The growing uncertainty over the status of Pakistan's nuclear arsenal is another reminder that these weapons continue to threaten the world, and suggests why Canada should be pushing for the elimination of all nuclear weapons, worldwide.
There has never been a more important time for Canada's voice to be heard in support of nuclear disarmament, but if recent votes at the United Nations last month are any indication, Canada is slowly shifting toward embracing nuclear weapons.
Traditionally, Canada has been a champion of nuclear disarmament. But last month, our position was put to the test on a key UN vote to diminish the risk of nuclear war, and Canada sat silent.
Our ambassador, on instructions from Ottawa, abstained on an important UN resolution "calling on Nuclear Weapons States to lower the operating status of nuclear weapons." This was the first time such a motion had made it to a vote.
The intent of the motion, championed by retired Canadian senator Douglas Roche and his organization, the Middle Powers Initiative, was to lengthen the time required for a nuclear launch, reducing the risk of an accidental or premature launch.

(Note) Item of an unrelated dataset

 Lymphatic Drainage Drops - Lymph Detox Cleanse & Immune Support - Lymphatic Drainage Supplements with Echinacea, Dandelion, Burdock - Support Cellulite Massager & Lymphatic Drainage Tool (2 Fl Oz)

But the Harper government doesn't see it that way. In explaining Canada's silent abstention, our ambassador said that while
"reducing operational readiness remained important ... at the same time, deterrence remained an important element of international security and a fundamental part of the deterrence policy of the North Atlantic Treaty Organization (NATO)."
In other words, Prime Minister Stephen Harper has decided that NATO's nuclear deterrence policy reigns supreme.

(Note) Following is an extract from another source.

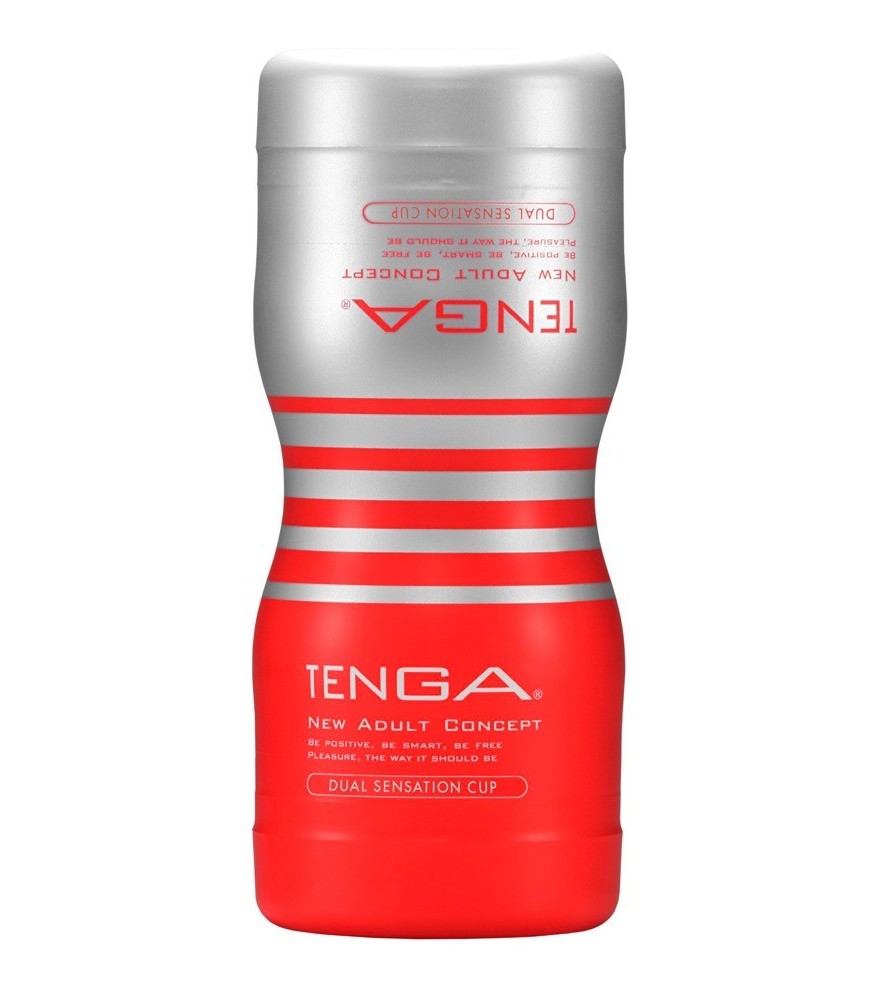 Masturbator „Dual Sensation Cup” mit 2 Öffnungen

At the urging of anti-nuclear organizations such as the Canadian Pugwash Group, last spring then-foreign affairs minister Peter MacKay reported to Parliament that he had raised concerns about NATO's reliance upon nuclear weapons at a meeting of the alliance.

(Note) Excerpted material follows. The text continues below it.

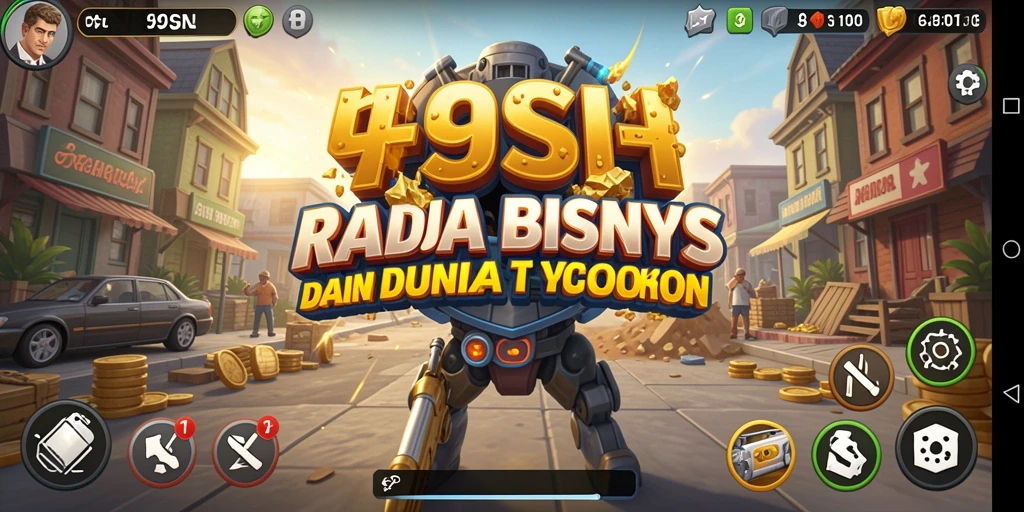 Screenshot dari gameplay <strong>9SL</strong> menampilkan pengelolaan bisnis yang dinamis.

Then the government shifted tactics, and a few weeks later then-defence minister Gordon O'Connor told Parliament:
"We are a member of NATO and we stand by NATO's policies. NATO, at this stage, has no policy of disarming from nuclear weapons."
Not surprisingly, the old policy supporting "the complete elimination of nuclear weapons" was changed on the foreign affairs department website to say that Canada's policy is
"consistent with our membership in NATO."
But the reason for this shift may have less to do with NATO itself than with acquiescence to the United States' interests in keeping the door open to a renewal of nuclear weapons testing.
Equally worrisome this year was Canada's reticence to put its name behind a motion to prevent nuclear weapons testing. Last year, Canada co-sponsored a resolution calling for a Comprehensive Nuclear-Test-Ban Treaty (CTBT).
In October, Canada failed to co-sponsor the resolution that stressed
"the vital importance and urgency of signature and ratification, without delay and without conditions, to achieve the earliest entry into force of the Comprehensive Nuclear-Test-Ban Treaty."
Thankfully, the resolution passed, 166 in favour to only one opposed (United States) with four abstentions (Colombia, India, Mauritius, Syria).
Ultimately, Canada voted in favour, but could Canada's decision not to co-sponsor the resolution, as it had done in the past, be related to the U.S. plan to develop new nuclear weapons?
This is a troublesome shift in Canada's policy on nuclear disarmament. One can trace its beginnings to 2005 when the Liberals, trying to curry favour in Washington, started getting cold feet on nuclear disarmament.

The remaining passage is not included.